* [AVAILABLE RECORDS]:
# # # # # # #

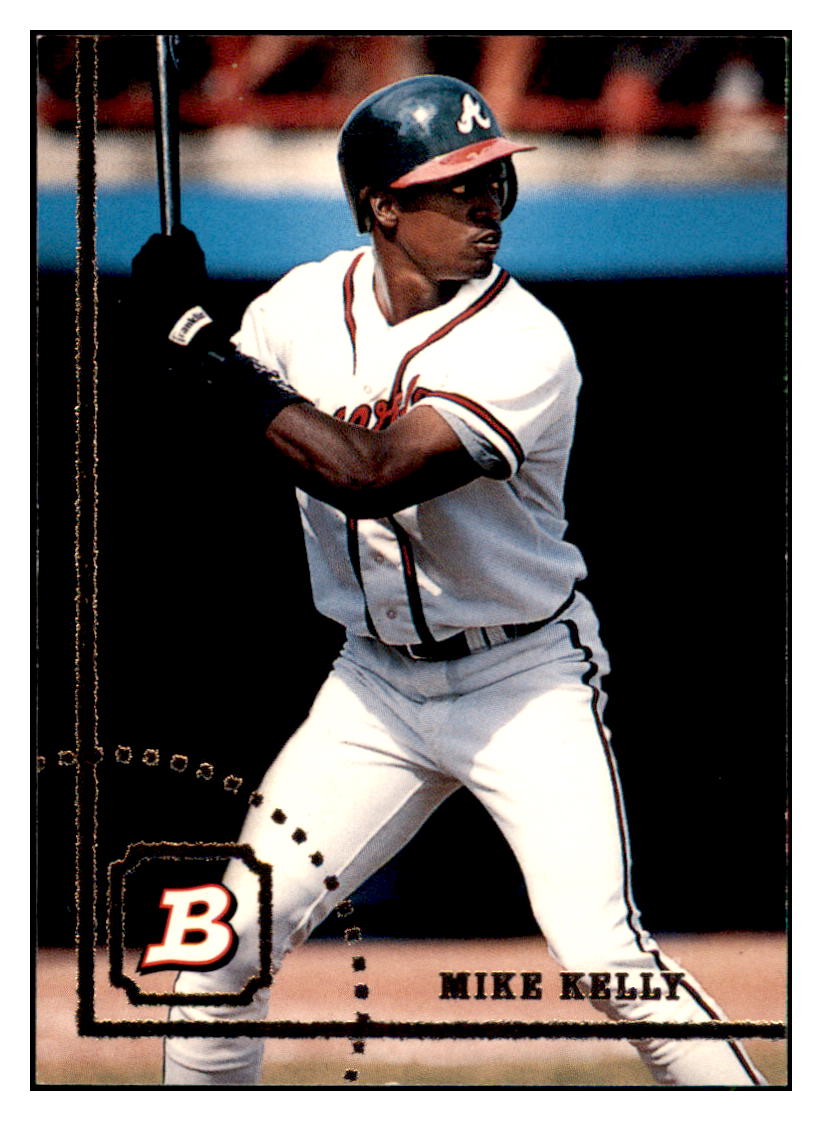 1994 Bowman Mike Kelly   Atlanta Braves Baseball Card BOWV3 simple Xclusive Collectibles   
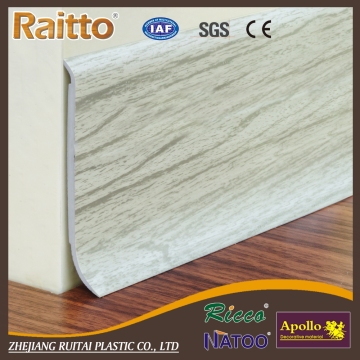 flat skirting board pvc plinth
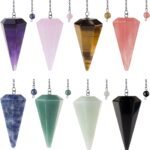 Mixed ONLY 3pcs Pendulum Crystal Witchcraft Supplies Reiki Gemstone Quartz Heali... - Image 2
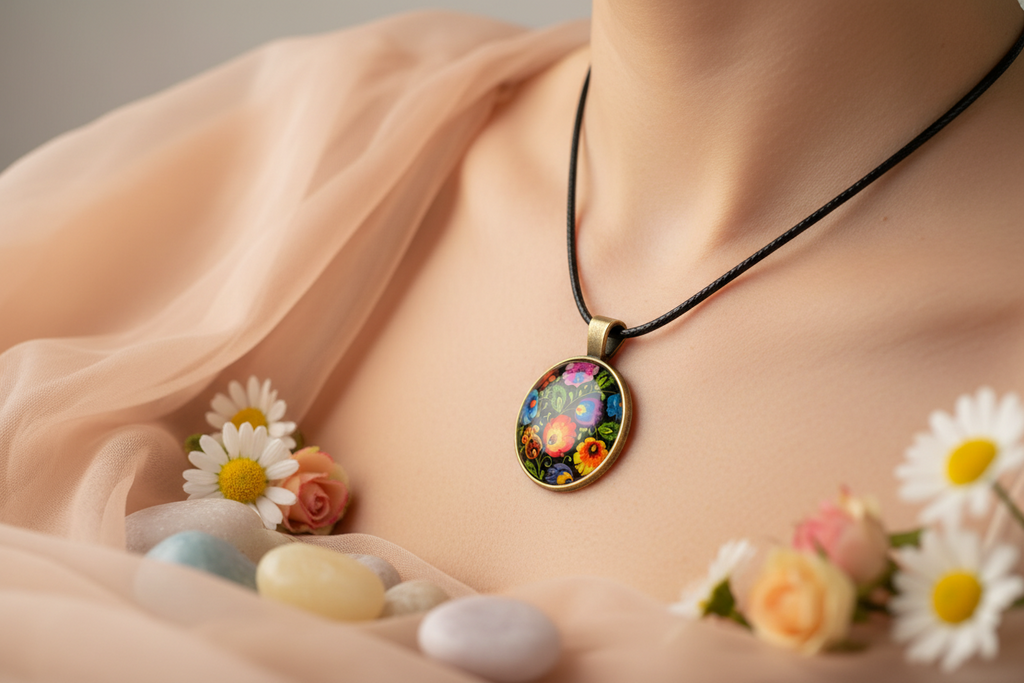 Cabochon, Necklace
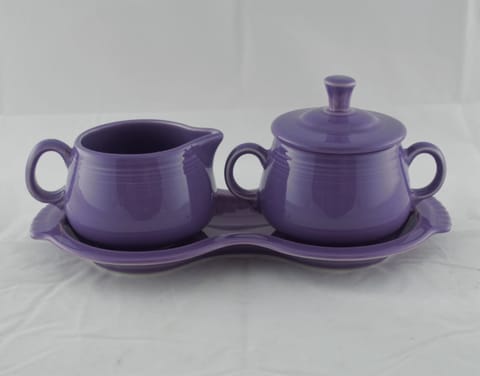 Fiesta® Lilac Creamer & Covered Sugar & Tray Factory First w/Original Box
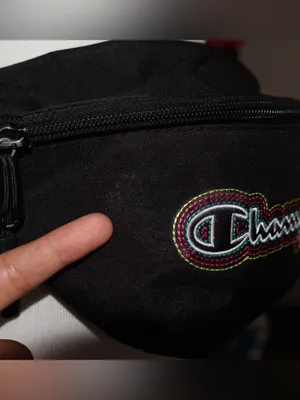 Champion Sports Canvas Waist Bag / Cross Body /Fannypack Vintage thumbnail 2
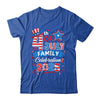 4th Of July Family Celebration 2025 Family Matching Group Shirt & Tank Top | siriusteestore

# # # # # # #

* [EXERCISE OBJECTIVE]:
The lines to restate word for word run from the line that contains "Champion Sports Canvas" through the end of the entries above, both ends included. Leave out all pictures and write nothing else.

* [EXERCISE OUTPUT]:
 Champion Sports Canvas Waist Bag / Cross Body /Fannypack Vintage thumbnail 2
 4th Of July Family Celebration 2025 Family Matching Group Shirt & Tank Top | siriusteestore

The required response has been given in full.